A steadying eye will help stroke victims walk

An Israeli professor has developed a virtual reality device that improves the walking speed and steadiness of stroke victims and Parkinson’s disease sufferers.

Use of the system should help patients remain active, which is known to slow the progression of the disease.

While a healthy person’s brain provides signals that help with balance, co-ordination and orientation, those with Parkinson’s or whose brain has been damaged after suffering a stroke lack these normal biofeedback mechanisms.

Following a stumble their brain finds it hard to process data to allow them to correct their movement and prevent a fall. So they develop a distinctive slow, shuffling gait.After learning that Parkinson’s patients walk better on tiled floors owing to the level of orientation this provides, Prof Yoram Baram of the Technion-Israel Institute of Technology in Haifa developed a device consisting of a Walkman-sized computer with a tiny unit that clips on to the user’s glasses.

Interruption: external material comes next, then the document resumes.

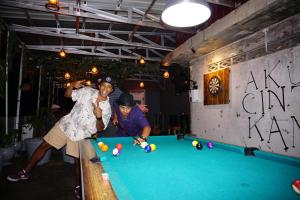 巴东Kokos Hostel Padang City的两人在台球桌打台球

The unit provides a visual image of a virtual tiled floor which responds to the user’s motion. So it is stationary when the user is and moves and turns as they do, even when navigating rough terrain or stairs.

Improved speed and gait

The patented innovation is the first of its kind to respond to the patient’s movements rather than just providing a constant visual display. The image provides artificial biofeedback to the user’s brain without blocking their view of their surroundings, allowing them to improve their speed and gait and so remain active.

‘The patient sees a picture of the virtual floor displayed on one eye,’ said Baram, who previously worked for NASA developing visual imagery technology to help low-flying pilots with their navigation.

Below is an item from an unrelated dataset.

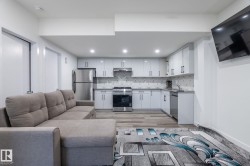 Open-concept living space featuring a modern kitchen with white cabinetry, stainless steel appliances, and geometric backsplash - 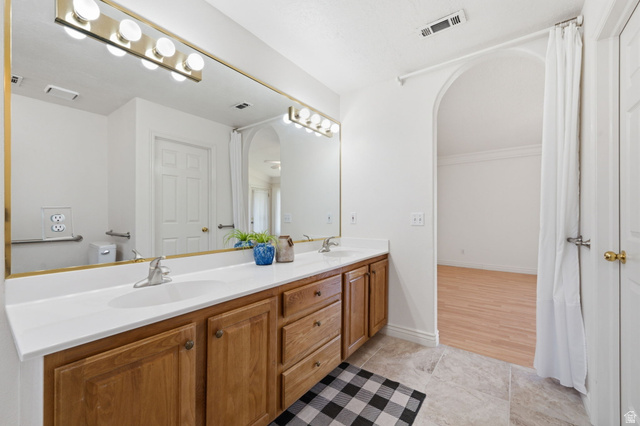805 South River Road, Unit 70 St. George, UT 84790 - Photo 20 of 38 Dual vanity with light wood-finish cabinetry and white countertops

‘The tile patterns provide continuous, stabilising visual information which safeguards against stumbling and falling while walking.’

In clinical tests on over 40 stroke and Parkinson’s victims, all patients walked better. Some experienced drastic improvement similar to the effects of medication or brain surgery.

The trials also suggested that the device might have long term effects as those using the device found improvements in their walking continued for some time, even after removing it.

Baram is now working on methods for shrinking the device to the size of a cigarette lighter, using components that will allow it to be sold for around £140.